Amazon EMR
Management Guide

Architecture of SAML-Enabled Single Sign-On and Fine-Grained Access Control

The following diagram illustrates the architecture of SAML-enabled single sign-on and fine-grained access control with Lake Formation and Amazon EMR.

  1. An unauthenticated user uses the proxy agent to access EMR notebook or Zeppelin. The user is redirected to your organization’s Identity Provider (IdP) sign-on page.

  2. The IdP verifies the user's identity in your organization.

  3. The IdP generates a SAML authentication response that includes assertions that identify the user and include attributes about the user.

  4. The client browser posts the SAML assertion to the proxy agent.

  5. The proxy agent requests user-specific temporary security credentials from AWS Lake Formation on behalf of the user. The temporary security credentials are sent back to the proxy agent.

  6. The proxy agent stores the user-specific temporary security credentials in the secret agent. The secret agent sends the temporary user credentials to the secret agents in core and task nodes.

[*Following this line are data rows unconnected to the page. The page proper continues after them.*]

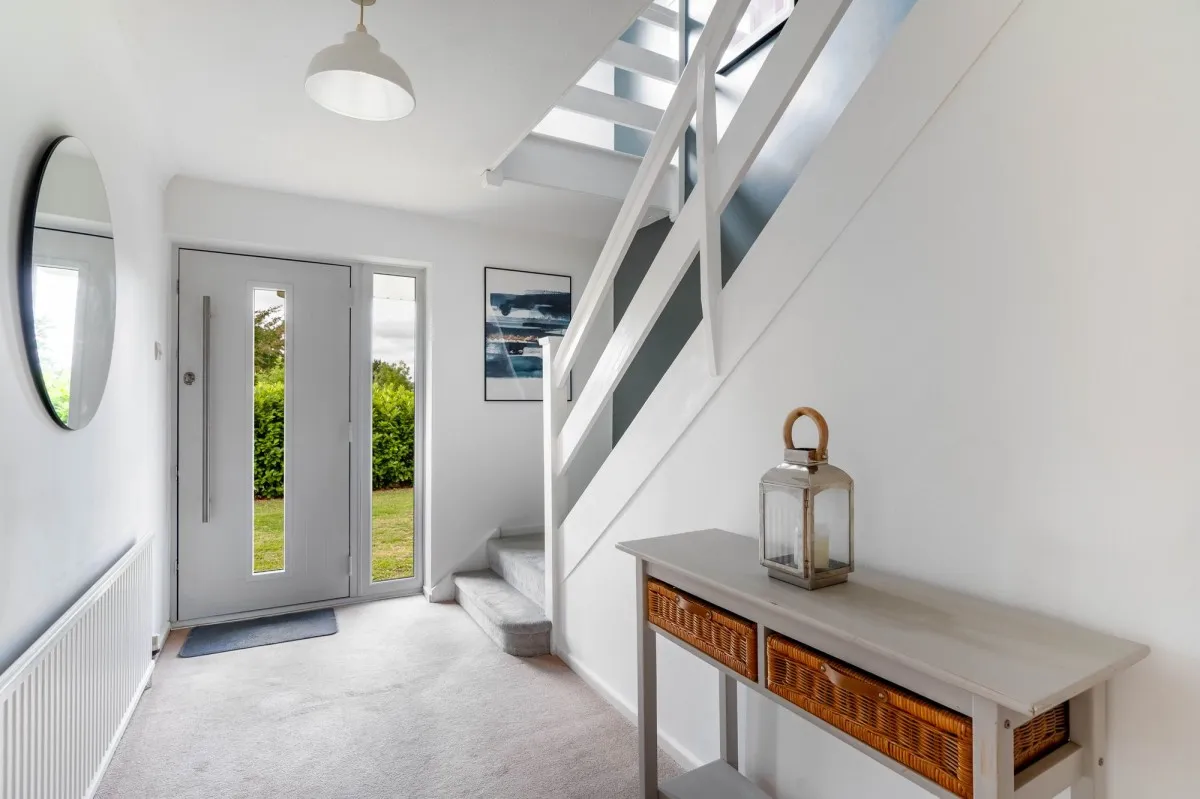 Gibraltar Lane, Swavesey, CB24, photo 5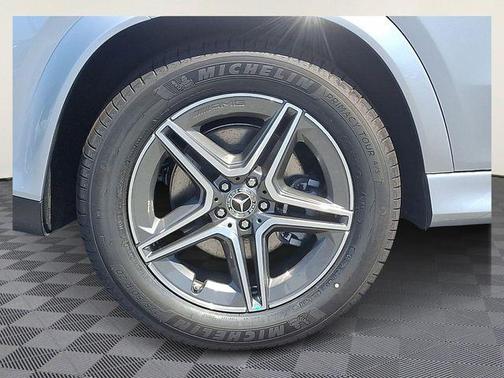 Citrus 2026 Mercedes-Benz GLE 350 Base 4MATIC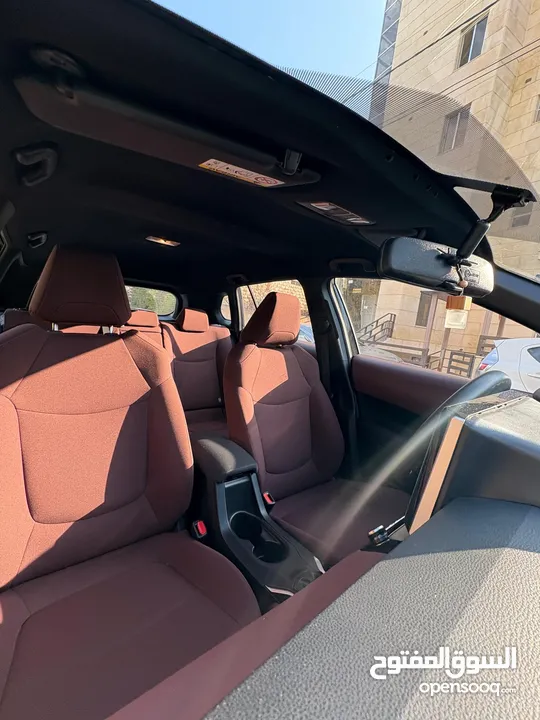Toyota Corolla Cross 2023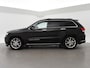 Jeep Grand Cherokee 3.0 CRD 250 PK SUMMIG GRIJS KENTEKEN ROETFILTER EN LUCHTVERING STORING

  7. The proxy agent enables successful user login.

  8. When the user runs a Spark job by using the EMR notebook or Zeppelin, the record server calls the secret agent to obtain temporary user credentials.

  9. The record server reads and filters data from Amazon S3 based on the policies defined in Lake Formation.

From the user's perspective, this process happens transparently. The user starts at your organization's authentication page and ends up at the EMR notebook or Zeppelin through the browser without ever having to supply any AWS credentials.